◆ **Directions for this task**
Start at the line below containing "Markolet Camelia - Dos" and stop at the line containing "adidas Euro 24 IN9371 Club Soccer Ball". Repeat every line of that stretch exactly, and nothing outside it.

Short text fragments from websites:
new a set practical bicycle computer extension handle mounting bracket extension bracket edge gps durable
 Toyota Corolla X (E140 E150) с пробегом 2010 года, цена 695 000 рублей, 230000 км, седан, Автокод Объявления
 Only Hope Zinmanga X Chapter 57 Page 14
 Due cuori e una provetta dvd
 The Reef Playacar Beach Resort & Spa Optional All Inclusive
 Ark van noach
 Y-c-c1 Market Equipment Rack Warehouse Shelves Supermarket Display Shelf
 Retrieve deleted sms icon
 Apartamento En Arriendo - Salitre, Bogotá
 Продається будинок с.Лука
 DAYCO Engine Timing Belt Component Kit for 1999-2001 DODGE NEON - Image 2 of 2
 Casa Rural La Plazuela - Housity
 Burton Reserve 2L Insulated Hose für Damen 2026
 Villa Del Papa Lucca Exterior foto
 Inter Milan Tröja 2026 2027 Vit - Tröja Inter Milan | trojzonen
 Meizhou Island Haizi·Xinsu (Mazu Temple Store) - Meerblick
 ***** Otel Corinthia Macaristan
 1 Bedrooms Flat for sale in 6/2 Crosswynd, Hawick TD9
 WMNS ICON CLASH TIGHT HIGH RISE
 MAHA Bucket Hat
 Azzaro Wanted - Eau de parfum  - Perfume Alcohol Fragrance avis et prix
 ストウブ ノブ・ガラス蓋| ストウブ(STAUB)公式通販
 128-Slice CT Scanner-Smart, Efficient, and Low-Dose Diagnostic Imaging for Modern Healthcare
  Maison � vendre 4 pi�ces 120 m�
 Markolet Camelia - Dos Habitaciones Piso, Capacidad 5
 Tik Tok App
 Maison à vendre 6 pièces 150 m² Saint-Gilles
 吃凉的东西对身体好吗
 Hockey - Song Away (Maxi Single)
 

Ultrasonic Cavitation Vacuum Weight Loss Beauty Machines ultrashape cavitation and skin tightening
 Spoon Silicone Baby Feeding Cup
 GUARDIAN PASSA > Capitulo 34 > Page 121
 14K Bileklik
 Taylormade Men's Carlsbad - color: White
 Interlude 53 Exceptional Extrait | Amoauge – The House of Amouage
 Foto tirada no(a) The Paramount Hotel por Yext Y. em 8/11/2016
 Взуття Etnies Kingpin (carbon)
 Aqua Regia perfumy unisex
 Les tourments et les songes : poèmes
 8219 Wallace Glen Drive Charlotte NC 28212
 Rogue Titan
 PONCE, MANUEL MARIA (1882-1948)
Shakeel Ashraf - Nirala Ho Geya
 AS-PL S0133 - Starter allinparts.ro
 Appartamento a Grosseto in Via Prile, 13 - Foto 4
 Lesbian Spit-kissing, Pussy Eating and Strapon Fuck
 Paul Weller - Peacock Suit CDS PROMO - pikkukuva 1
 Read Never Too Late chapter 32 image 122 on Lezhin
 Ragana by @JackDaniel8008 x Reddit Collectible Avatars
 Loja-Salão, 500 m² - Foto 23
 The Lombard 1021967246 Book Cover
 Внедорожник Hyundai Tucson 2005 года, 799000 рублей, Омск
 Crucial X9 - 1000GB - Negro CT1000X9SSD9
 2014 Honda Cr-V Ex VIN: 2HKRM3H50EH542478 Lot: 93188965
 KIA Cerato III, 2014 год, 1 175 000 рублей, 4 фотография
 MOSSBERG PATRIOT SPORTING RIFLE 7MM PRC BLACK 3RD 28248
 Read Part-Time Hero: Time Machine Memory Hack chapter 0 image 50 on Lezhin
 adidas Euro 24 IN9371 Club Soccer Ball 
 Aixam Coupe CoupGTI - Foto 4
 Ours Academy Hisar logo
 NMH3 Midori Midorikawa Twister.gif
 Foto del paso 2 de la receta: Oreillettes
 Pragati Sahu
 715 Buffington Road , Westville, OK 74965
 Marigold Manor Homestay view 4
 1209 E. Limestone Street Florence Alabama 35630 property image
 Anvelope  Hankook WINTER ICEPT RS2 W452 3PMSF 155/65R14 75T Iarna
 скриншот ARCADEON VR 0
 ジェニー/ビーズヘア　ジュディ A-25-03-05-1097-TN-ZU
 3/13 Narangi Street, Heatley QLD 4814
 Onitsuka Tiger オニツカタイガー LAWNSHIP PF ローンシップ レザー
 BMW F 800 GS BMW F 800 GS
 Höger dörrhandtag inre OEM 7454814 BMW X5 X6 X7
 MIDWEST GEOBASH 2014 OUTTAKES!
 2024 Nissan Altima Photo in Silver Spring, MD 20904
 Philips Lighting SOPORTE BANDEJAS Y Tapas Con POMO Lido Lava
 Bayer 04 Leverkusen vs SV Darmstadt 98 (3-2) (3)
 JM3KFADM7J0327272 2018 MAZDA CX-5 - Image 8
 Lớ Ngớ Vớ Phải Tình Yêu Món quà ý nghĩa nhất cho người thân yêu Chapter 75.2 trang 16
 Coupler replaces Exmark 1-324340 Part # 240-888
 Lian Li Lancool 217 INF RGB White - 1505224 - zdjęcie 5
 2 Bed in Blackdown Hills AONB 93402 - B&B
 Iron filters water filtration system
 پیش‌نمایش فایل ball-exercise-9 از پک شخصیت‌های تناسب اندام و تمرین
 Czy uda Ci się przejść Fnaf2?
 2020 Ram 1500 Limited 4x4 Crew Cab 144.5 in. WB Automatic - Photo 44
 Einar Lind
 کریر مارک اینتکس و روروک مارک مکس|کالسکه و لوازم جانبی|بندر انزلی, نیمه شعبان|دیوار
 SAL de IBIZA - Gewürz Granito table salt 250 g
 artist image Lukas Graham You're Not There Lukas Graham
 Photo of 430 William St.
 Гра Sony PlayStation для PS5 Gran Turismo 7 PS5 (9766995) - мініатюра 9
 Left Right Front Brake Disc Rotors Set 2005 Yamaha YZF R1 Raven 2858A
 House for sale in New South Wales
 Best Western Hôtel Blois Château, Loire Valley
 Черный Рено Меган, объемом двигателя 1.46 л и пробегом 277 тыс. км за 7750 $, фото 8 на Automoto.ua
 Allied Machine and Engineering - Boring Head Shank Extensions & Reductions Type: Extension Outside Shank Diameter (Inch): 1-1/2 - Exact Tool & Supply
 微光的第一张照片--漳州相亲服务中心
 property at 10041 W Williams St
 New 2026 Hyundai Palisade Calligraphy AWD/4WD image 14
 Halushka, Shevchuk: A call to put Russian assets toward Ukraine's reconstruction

◆ **Reply to the exercise**
 Markolet Camelia - Dos Habitaciones Piso, Capacidad 5
 Tik Tok App
 Maison à vendre 6 pièces 150 m² Saint-Gilles
 吃凉的东西对身体好吗
 Hockey - Song Away (Maxi Single)
 

Ultrasonic Cavitation Vacuum Weight Loss Beauty Machines ultrashape cavitation and skin tightening
 Spoon Silicone Baby Feeding Cup
 GUARDIAN PASSA > Capitulo 34 > Page 121
 14K Bileklik
 Taylormade Men's Carlsbad - color: White
 Interlude 53 Exceptional Extrait | Amoauge – The House of Amouage
 Foto tirada no(a) The Paramount Hotel por Yext Y. em 8/11/2016
 Взуття Etnies Kingpin (carbon)
 Aqua Regia perfumy unisex
 Les tourments et les songes : poèmes
 8219 Wallace Glen Drive Charlotte NC 28212
 Rogue Titan
 PONCE, MANUEL MARIA (1882-1948)
Shakeel Ashraf - Nirala Ho Geya
 AS-PL S0133 - Starter allinparts.ro
 Appartamento a Grosseto in Via Prile, 13 - Foto 4
 Lesbian Spit-kissing, Pussy Eating and Strapon Fuck
 Paul Weller - Peacock Suit CDS PROMO - pikkukuva 1
 Read Never Too Late chapter 32 image 122 on Lezhin
 Ragana by @JackDaniel8008 x Reddit Collectible Avatars
 Loja-Salão, 500 m² - Foto 23
 The Lombard 1021967246 Book Cover
 Внедорожник Hyundai Tucson 2005 года, 799000 рублей, Омск
 Crucial X9 - 1000GB - Negro CT1000X9SSD9
 2014 Honda Cr-V Ex VIN: 2HKRM3H50EH542478 Lot: 93188965
 KIA Cerato III, 2014 год, 1 175 000 рублей, 4 фотография
 MOSSBERG PATRIOT SPORTING RIFLE 7MM PRC BLACK 3RD 28248
 Read Part-Time Hero: Time Machine Memory Hack chapter 0 image 50 on Lezhin
 adidas Euro 24 IN9371 Club Soccer Ball 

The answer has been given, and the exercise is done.